1. A mammalian respiration heater, comprising:

a container having at least one wall configured to form a reservoir for containing liquid having a thermal capacity capable of rendering sensible heat to a user through respiration;

a tube carried for passage through the container in sealed relation at a first end configured to couple with a user's input respiration and a second end configured to draw in ambient air, and having a thermally conductive portion exposed in thermally conductive relation with the reservoir within the container; and

an aperture provided in the container configured to enable admittance of liquid having an elevated temperature within the container.

2. The mammalian respiration heater of claim 1, wherein the container is a canteen.

3. The mammalian respiration heater of claim 2, wherein the canteen is a rotary molded plastic canteen.

4. The mammalian respirator heater of claim 1, wherein the tube comprises a tubular winding providing at least in part the thermally conductive portion.

5. The mammalian respirator heater of claim 1, wherein the thermally conductive portion comprises an undulate portion.

6. The mammalian respirator heater of claim 1, wherein the tube includes a circuitous portion.

7. The mammalian respirator heater of claim 7, wherein the circuitous portion is a tubular winding of thermally conductive coils.

8. The mammalian respirator heater of claim 1, wherein the tube comprises an aluminum tube.

9. The mammalian respirator heater of claim 1, wherein the container is a plastic container and the tube is a thermally conductive tube molded within the plastic container.

10. A respiratory heater, comprising:

a container having a liquid reservoir;

a tube carried for passage through the liquid reservoir having a first open end and an opposed second open end each communicating with an exterior of the container; and

an opening provided in the container configured to enable admittance of liquid with an elevated temperature into the container.

11. The respiratory heater of claim 10, wherein the container is a canteen having a closure assembly with a removable cap and inlet.

12. The respiratory heater of claim 11, wherein the tube comprises a thermally conductive heat transfer tube configured in sealed relation at a first end to couple with a user's input respiration and a second end to draw in ambient air, and having a thermally conductive portion exposed in thermally conductive relation with the reservoir within the container.
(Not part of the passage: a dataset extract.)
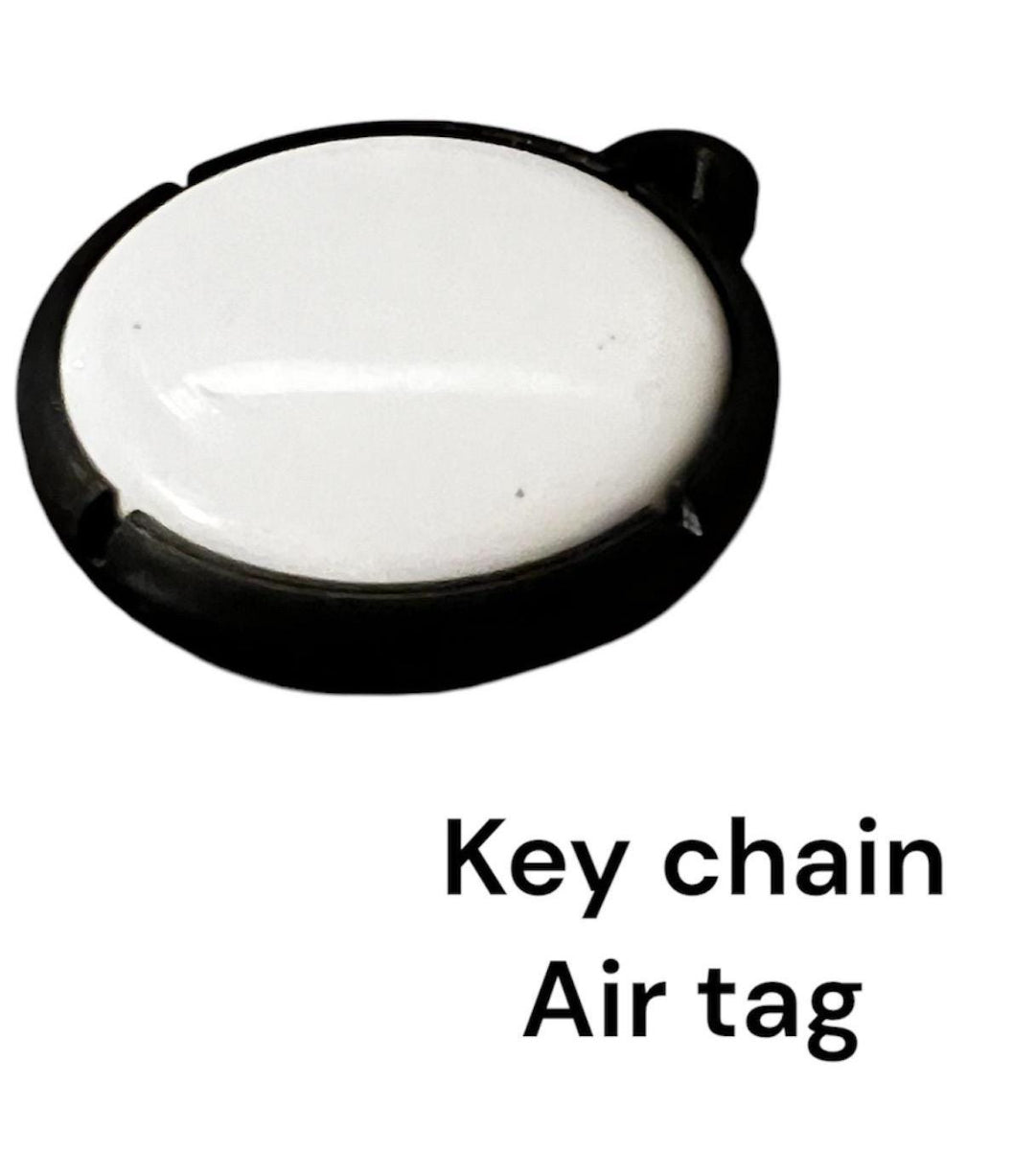 Custom AirTag keychain holder in black and white by Broken Charm – personalized accessory for Apple AirTag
13. The respiratory heater of claim 10, wherein the tube comprises a circuitous segment of thermally conductive tubing.

14. The respiratory heater of claim 13, wherein the tube is an undulate tube of cylindrical cross section.
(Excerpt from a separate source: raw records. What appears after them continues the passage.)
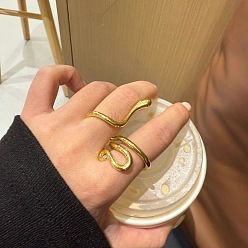 Золотой Латунные кольца на палец для женщин, змея, золотые, 37.5 мм, размер США 6 (16.5 мм)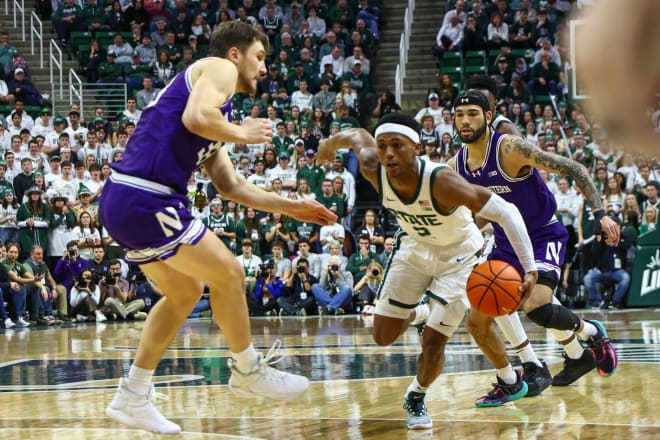 Tyson Walker and Michigan State defeated Northwestern by a final score of 53-49 on senior night at the Breslin Center on March 6, 2024. 
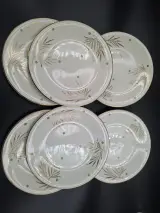 6 vintage Boch La Louvière borden decor Palme – foto 4 – kavel bij De Kringwinkel, Gent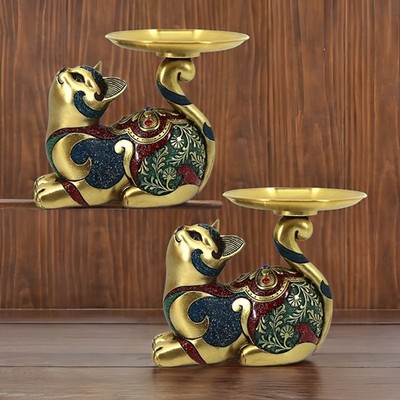 2-PC Gift Set 7''W Gold and Red Cat Figurine Ornament Home Decor Unique Gift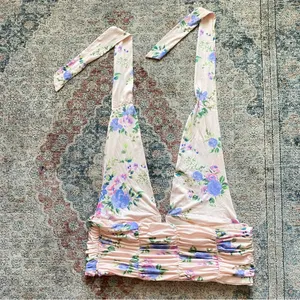 •Zara floral halter neck ruched top NWOT• Size XL thumbnail 3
15. A method for mitigating hypothermia in a mammal, comprising:

providing a container having a tubular heat transfer tube extending through the container with opposed open ends exterior of the container;

admitting elevated temperature fluid into the container about the tube;

inspiring air at the first end of the tube from the second end of the tube drawn through the tube to elevate in temperature through conduction of the tube with the fluid and into a user's lungs.

16. The method of claim 15, wherein inspiring air comprises inhaling at the first end of the tube to draw air through the tube in thermally conductive relation via the tube with the elevated temperature fluid wherein drawing air comprises applying negative pressure (vacuum) at the first end of the tube to draw ambient air through the tube.
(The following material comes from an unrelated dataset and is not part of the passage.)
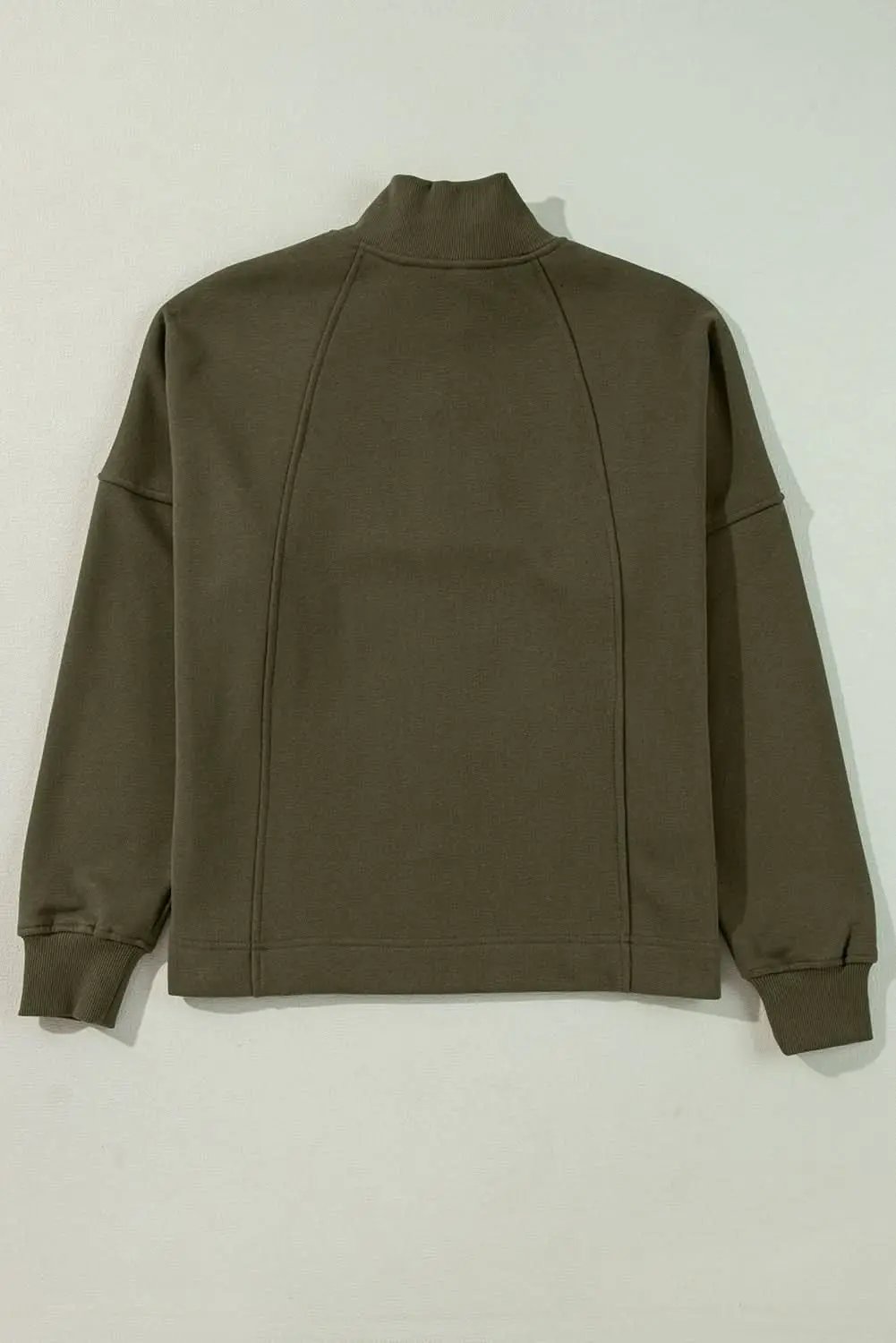 Love Salve Women's Drop Shoulder Sweatshirt Green Zip — Casual Comfort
17. The method of claim 15, further comprising, after inspiring elevated temperature air into the user's lungs and bronchial tubes, holding the elevated temperature air in the user's lungs and bronchial tubes.

18. The method of claim 17, wherein holding the elevated temperature air realizes hypothermia remedial therapy.

19. The method of claim 15, wherein, after holding, further comprising exhaling the held air to atmosphere spaced from both ends of the tube.

20. The method of claim 15, further comprising placing the container in thermally conductive proximity with a user to warm at least a portion of the user.